Doc, all those Big Red Machines that you and I cut our teeth on weren't quite the Bash Bros. bunch that posterity makes them out to be. In an apples to oranges type of way, you understand.
From '72-'76, those Reds hit between 124 and 141 homers in each season. Of course, in the 12 team NL those numbers were generally in the top three. They scored (in the '72-'75 seasons) 707, 741, 776, 840, and 857 runs. Notice the steadily increasing run production. Now get this, their team OBP (including pitchers) went .330, .332, .343, .353, & .357. Notice the correlation? Hard to miss, isn't it. They ranked #1 in the league in team OBP in each season, excepting '73.
In '15, the M's had exactly ONE fulltime player (Cruz/.369) who had an OBP that was equal/better than the Reds' TEAM OBP in either '75 or '76. And the Reds were batting a few of those Jack Billinghams, Gary Nolans and Pat Darcys.

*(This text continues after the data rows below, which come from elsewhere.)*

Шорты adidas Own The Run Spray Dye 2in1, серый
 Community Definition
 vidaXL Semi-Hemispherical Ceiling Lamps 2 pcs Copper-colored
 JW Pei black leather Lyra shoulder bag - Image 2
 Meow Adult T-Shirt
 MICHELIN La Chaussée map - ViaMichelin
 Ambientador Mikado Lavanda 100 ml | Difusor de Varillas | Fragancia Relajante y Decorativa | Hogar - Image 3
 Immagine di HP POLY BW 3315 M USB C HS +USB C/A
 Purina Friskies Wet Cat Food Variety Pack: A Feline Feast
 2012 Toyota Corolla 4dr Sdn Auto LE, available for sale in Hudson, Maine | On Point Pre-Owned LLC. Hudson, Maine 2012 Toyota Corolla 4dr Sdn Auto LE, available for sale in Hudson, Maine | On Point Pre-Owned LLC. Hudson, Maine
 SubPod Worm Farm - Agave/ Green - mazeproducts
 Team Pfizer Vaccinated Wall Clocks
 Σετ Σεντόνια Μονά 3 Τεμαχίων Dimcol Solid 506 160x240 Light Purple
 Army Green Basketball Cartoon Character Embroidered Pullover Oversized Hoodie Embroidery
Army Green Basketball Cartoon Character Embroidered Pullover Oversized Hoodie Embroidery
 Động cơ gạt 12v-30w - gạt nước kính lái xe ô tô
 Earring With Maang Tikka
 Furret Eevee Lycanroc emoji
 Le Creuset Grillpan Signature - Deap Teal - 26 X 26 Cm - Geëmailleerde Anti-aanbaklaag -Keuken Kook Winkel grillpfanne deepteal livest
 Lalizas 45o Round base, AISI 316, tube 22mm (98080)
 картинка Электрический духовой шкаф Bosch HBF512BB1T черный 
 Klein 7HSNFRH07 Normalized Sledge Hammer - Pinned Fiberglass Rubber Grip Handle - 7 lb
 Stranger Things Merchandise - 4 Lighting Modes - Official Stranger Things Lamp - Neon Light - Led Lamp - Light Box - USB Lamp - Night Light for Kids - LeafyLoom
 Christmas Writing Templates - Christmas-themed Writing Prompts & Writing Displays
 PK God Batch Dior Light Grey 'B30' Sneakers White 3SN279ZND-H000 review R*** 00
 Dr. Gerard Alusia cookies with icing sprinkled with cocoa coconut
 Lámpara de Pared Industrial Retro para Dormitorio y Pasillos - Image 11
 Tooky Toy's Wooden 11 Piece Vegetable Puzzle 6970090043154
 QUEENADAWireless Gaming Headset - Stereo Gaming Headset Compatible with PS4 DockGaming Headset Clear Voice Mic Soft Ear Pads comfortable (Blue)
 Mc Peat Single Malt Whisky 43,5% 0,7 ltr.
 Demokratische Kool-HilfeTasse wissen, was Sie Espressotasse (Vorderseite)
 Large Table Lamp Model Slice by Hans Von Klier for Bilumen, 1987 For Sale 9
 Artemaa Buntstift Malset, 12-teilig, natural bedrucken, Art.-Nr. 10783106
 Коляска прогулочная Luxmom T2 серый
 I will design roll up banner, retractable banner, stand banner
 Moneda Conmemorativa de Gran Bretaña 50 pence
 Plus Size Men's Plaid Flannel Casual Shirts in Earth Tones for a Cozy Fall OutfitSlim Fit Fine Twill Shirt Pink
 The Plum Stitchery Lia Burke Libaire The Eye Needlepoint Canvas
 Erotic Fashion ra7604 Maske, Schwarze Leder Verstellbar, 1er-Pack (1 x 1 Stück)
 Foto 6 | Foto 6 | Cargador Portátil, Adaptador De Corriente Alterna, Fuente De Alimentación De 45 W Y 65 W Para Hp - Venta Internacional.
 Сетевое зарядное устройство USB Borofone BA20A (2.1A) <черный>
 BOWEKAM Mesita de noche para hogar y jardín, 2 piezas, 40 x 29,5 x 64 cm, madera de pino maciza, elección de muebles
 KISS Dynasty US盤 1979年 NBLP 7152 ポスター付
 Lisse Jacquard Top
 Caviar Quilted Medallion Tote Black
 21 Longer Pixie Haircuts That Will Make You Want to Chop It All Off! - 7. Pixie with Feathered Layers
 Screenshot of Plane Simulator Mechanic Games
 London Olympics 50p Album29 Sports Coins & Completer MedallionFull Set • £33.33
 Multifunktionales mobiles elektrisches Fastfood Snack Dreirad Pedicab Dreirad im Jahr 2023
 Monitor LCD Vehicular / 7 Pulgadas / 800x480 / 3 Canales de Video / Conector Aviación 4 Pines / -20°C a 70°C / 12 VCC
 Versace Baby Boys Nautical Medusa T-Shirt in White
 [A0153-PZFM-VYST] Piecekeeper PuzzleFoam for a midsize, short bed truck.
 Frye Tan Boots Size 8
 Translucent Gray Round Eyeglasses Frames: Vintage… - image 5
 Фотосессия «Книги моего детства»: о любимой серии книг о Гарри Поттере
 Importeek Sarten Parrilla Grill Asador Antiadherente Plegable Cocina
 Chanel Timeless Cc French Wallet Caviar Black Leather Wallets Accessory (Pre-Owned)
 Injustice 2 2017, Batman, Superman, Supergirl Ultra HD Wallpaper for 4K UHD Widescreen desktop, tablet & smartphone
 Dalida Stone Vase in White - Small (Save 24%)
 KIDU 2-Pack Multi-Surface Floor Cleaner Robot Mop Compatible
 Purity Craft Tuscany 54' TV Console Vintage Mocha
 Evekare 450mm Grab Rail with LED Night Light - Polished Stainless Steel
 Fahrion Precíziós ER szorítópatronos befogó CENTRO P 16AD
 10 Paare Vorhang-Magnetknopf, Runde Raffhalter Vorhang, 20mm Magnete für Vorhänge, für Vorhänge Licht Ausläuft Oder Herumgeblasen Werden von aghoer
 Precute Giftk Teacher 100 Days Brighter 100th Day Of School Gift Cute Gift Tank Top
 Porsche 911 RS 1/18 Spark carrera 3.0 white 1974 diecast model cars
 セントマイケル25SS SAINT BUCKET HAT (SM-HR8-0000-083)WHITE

Just to remind you, the M's team '15 OBP was .311. Of the Reds' top 11 positional players in '75 only BU catcher Bill Plummer (.291) was below that. Then next two lowest guys were GG SS Dave Concepcion at .326 and GG CF'er Cesar Geronimo at .327. I suppose we can forgive them for being relative slackers at getting on base, given their GG's and all. Guys like Morgan (.466), Rose (.406) and Griffey (.391) were seemingly on base all the time.
Tony Perez was considered a semi-masher but he actually hit fewer homeruns in '75 than Cano did last year. Had a .356 OBP, however. Heck, he might lead off for us.
Won't it be cool if Ketel Marte takes a walk in his first PA of the season and sprints to 1B, ala Charlie Hustle? The squeal of glee will be coming from me.